Suara.com - Kawasan Asia Tenggara diminta meningkatkan kewaspadaan terhadap potensi meluasnya konflik global ke jalur strategis seperti Selat Malaka.

Seorang pakar maritim menilai peran ASEAN sangat krusial untuk memastikan kawasan tetap stabil dan tidak menjadi arena persaingan kekuatan besar.

Analis maritim Nazery Khalid menekankan bahwa ASEAN perlu memaksimalkan pengaruh diplomatiknya, termasuk dalam menjalin komunikasi dengan negara besar seperti Amerika Serikat dan China guna meredakan ketegangan yang berpotensi berdampak ke kawasan.

"Sebagai sebuah persatuan yang dibina atas prinsip berkecuali dan tidak memihak, ASEAN perlu menangani kemungkinan ketegangan yang bisa memengaruhi keselamatan regional sejak awal," kata Nazery Khalid dikutip dari hmetro.commy.

Menurutnya negara-negara anggota ASEAN harus bergerak secara kolektif dengan pendekatan tata kelola yang matang agar konflik global tidak berkembang menjadi konfrontasi terbuka di kawasan.

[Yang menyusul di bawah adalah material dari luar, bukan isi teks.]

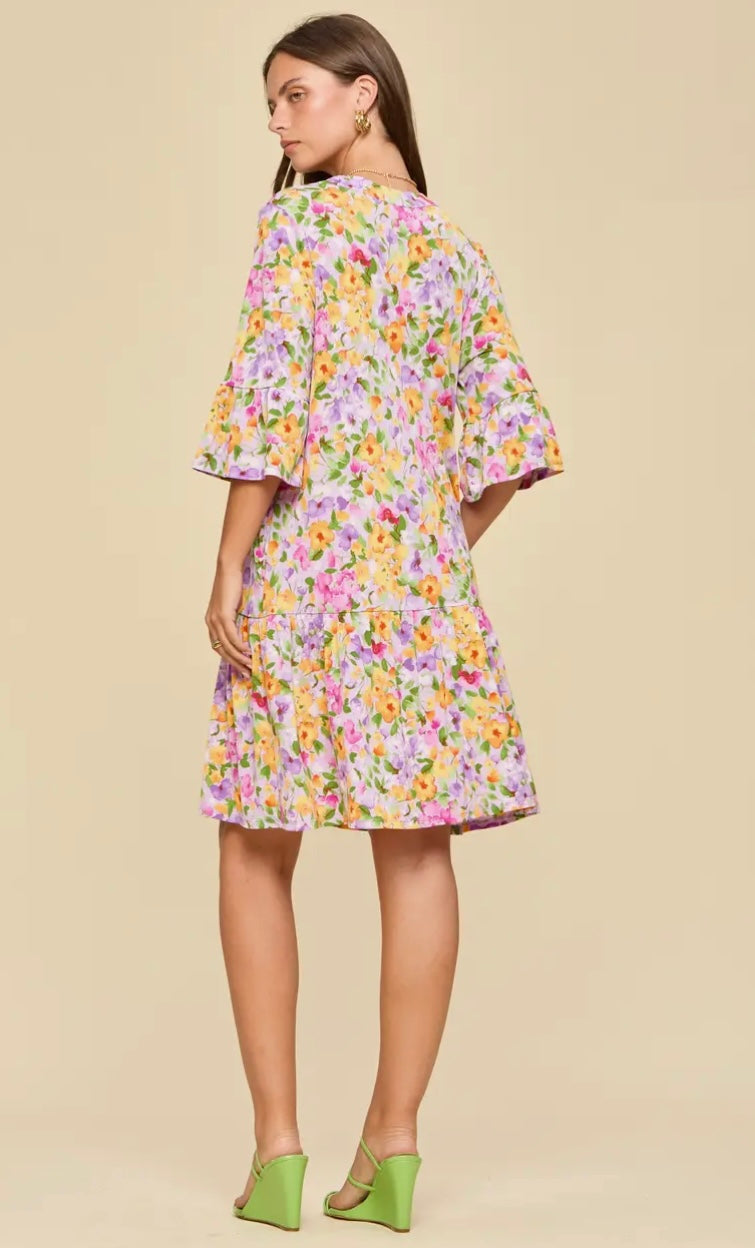 Purple Floral Quarter Sleeve Dress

Hal ini penting mengingat dampaknya tidak hanya pada keamanan, tetapi juga perdagangan dan stabilitas ekonomi regional, termasuk Indonesia.

Aktivitas perdagangan di Selat Malaka (Wikimedia Commons/Dronepicr).

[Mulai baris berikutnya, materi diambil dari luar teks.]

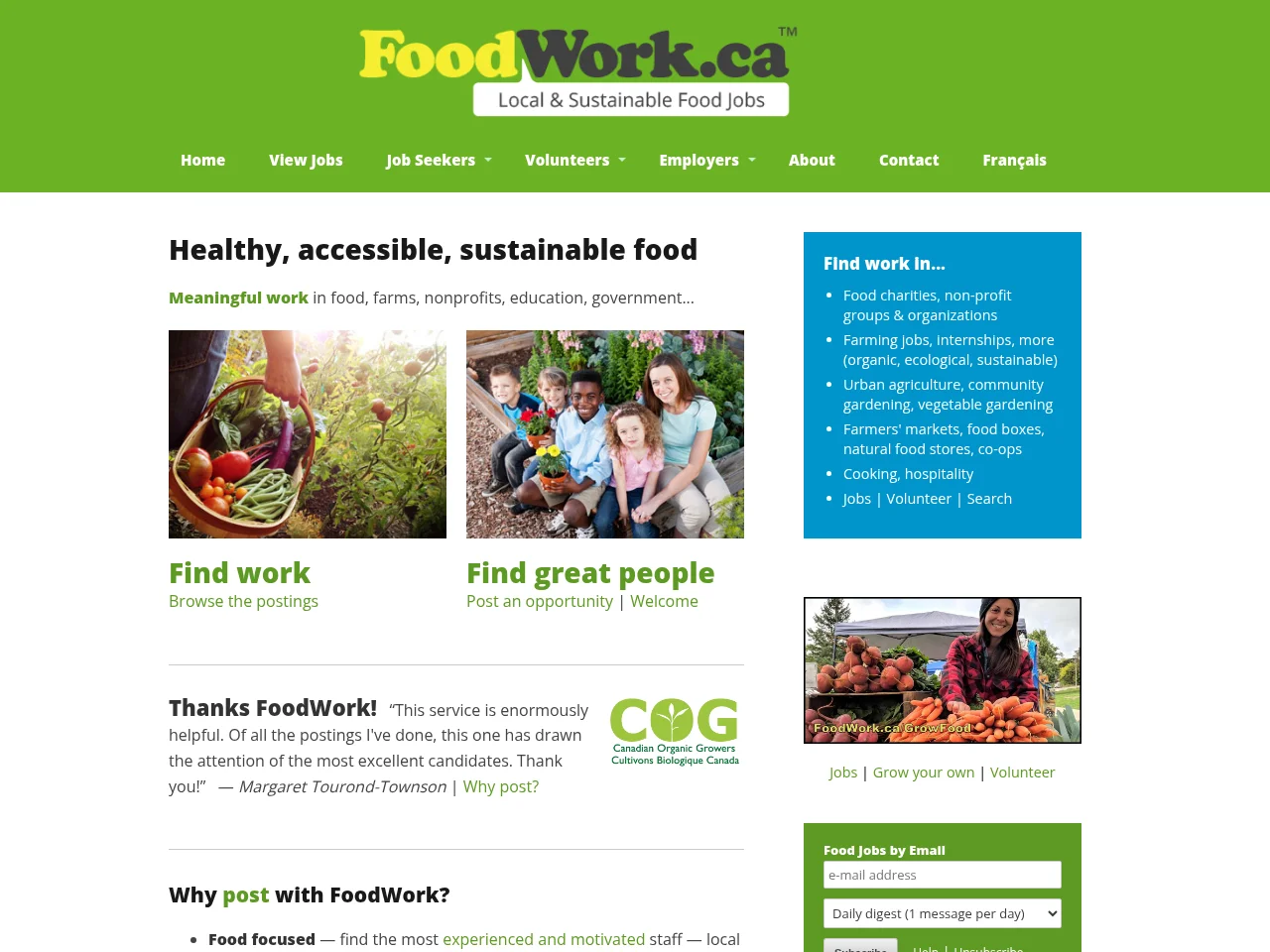 FoodWork.ca screenshot FoodWork.ca job board platform screenshot showing job search interface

Ia juga menyoroti potensi dampak lanjutan dari konflik di kawasan Teluk. Jika ketegangan di Selat Hormuz berujung pada gangguan jalur pelayaran, maka efek domino dapat menjalar ke Selat Malaka yang menjadi salah satu jalur perdagangan paling sibuk di dunia.

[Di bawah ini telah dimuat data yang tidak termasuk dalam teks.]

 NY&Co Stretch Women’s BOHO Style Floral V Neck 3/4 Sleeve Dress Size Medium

"Pelabuhan di sepanjang Selat Melaka, khususnya Pelabuhan Klang dan Pelabuhan Singapura yang mempunyai jaringan luas dengan pelabuhan di Teluk, berisiko terpengaruh jika penutupan Selat Hormuz berlanjut," ujar Nazery Khalid.

"Gangguan pada layanan pengiriman antara kedua wilayah dapat menyebabkan kelebihan muatan di pelabuhan dan selanjutnya menciptakan hambatan dalam rantai pasokan."

Baca Juga: Thailand Siapkan Mega Proyek Rp4000 Triliun, Bikin Jembatan Darat Saingi Selat Malaka

"Situasi ini tidak dapat dihindari mengingat keterkaitan antar pelabuhan dalam lanskap perdagangan maritim global dan sifat terintegrasi dari rantai pasokan global.," jelasnya.

Bagi Indonesia, situasi ini menjadi sangat relevan mengingat posisi Selat Malaka sebagai jalur vital perdagangan nasional dan internasional.

Gangguan pada jalur ini berpotensi memengaruhi arus logistik, harga komoditas, hingga stabilitas ekonomi.

Nazery juga menyoroti keterbatasan ASEAN yang tidak memiliki kekuatan hukum mengikat seperti Uni Eropa.

Artinya, setiap negara anggota tetap memiliki kebebasan dalam menentukan kebijakan nasional, meskipun tetap berpegang pada prinsip kerja sama dan konsensus.

"Negara-negara anggota hanya terikat oleh komitmen untuk mematuhi pengaturan berbasis aturan sesuai dengan hukum internasional, membina hubungan baik di antara mereka sendiri dan secara kolektif mempromosikan hubungan sosial-ekonomi dan keamanan dengan negara-negara asing melalui platform multilateral," jelasnya.